A presidenta da República, Dilma Rousseff, e o presidente do Senado Federal, José Sarney, elegeram a reforma como prioridade em seus mandatos.
A "vassourada" inaugural foi dada pelo Senado, que, em fevereiro, instalou a Comissão de Reforma Política, que nasce com o desafio de cimentar um consenso até hoje não encontrado sobre as propostas em debate.
A "comissão de frente" da reforma, escolhida a dedo pelo próprio Sarney, conta com a vivência política de oito ex-governadores e dois ex-presidentes - os atuais senadores Fernando Collor de Mello (PTB/ AL) e Itamar Franco (PPS/MG).
Presidido por Francisco Dornelles (PP/RJ), o colegiado também é integrado por senadores como Aécio Neves (PSDB-MG), Demóstenes Torres (DEM-GO) e Roberto Requião (PMDB-PR).
Na escalação do "time feminino", estão as senadoras Vanessa Grazziotin (PCdoB-AM), Lúcia Vânia (PSDB-GO) e Ana Rita Esgário (PT-ES).

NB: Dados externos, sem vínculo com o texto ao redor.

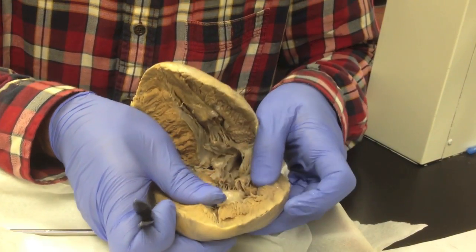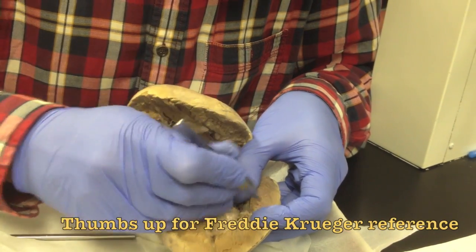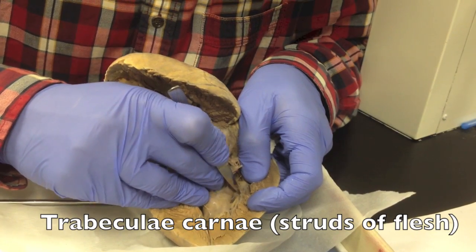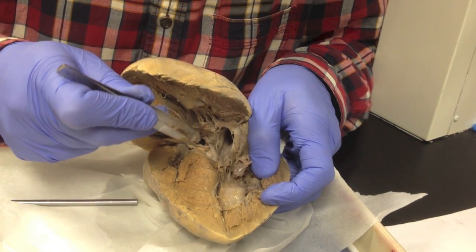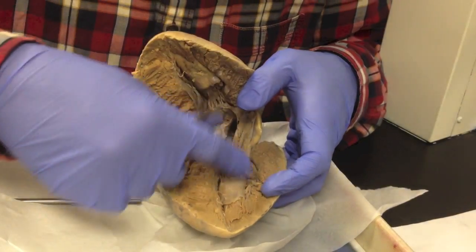If you stretch the walls of the heart, you see something that I tell my students looks like Freddy Krueger — and it does look like Freddy Krueger — which are the trabeculae carneae. The trabeculae carneae literally translates into struts of flesh. So that's it for the left ventricle.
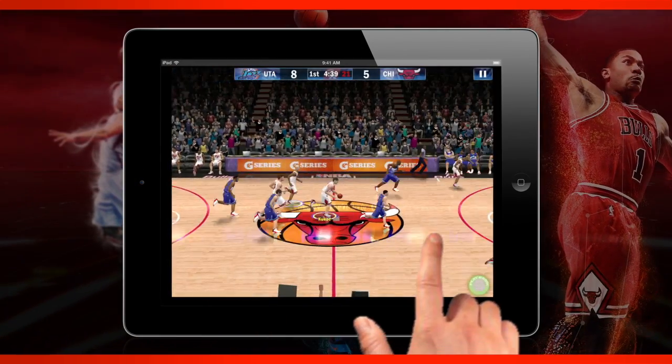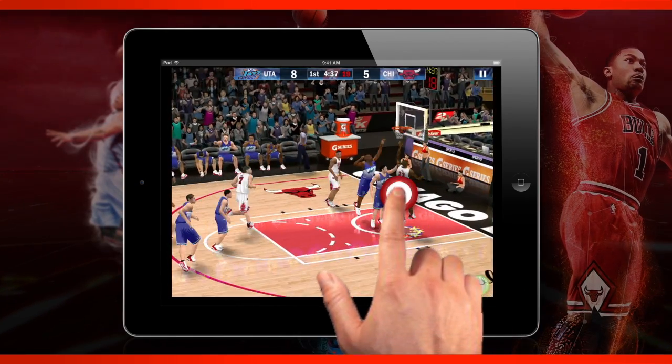Now you can challenge yourself to recreate the greatest games in NBA history, all with simple one-finger controls, and you can take it with you on any iOS or Android device.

Sarney justificou que seu critério de escolha fundou-se puramente em "experiência política".
"É primordial que todos os membros da comissão deixem de fazer as contas sobre o que é melhor para seu partido e para seu projeto pessoal e pensem no que é melhor para o Brasil", define Aécio Neves, que também defende o fim das coligações partidárias.
De acordo com o senador tucano, esse parece ser um ponto comum entre os parlamentares.
"Até porque esse é um sistema que desfigura o processo representativo. Ou seja, quando um eleitor vota num determinado candidato e elege um candidato de um partido que atuará de forma absolutamente distinta daquele no qual ele votou."
Na primeira reunião da comissão, 11 temas receberam o selo "prioritário" - entre eles, sistema eleitoral, financiamento de campanha, regras para coligações entre partidos, fidelidade partidária, voto facultativo e reeleição.
O mais fundamental dos desafios, ponderou Sarney, no entanto, será encontrar um modelo alternativo à atual forma de eleição de deputados e vereadores.
Ele sugere a adoção de uma fórmula mista. Ou seja, que combine votação majoritária (na qual o mais votado é eleito) com a proporcional (votos obtidos pelo partido ou coligação, os quais determinariam o resultado).
"A mudança no sistema proporcional resolveria cerca de 60% do problema", contabiliza Sarney.
Agora, a missão do colegiado, no prazo de 45 dias, é apresentar à sociedade um anteprojeto de reforma política.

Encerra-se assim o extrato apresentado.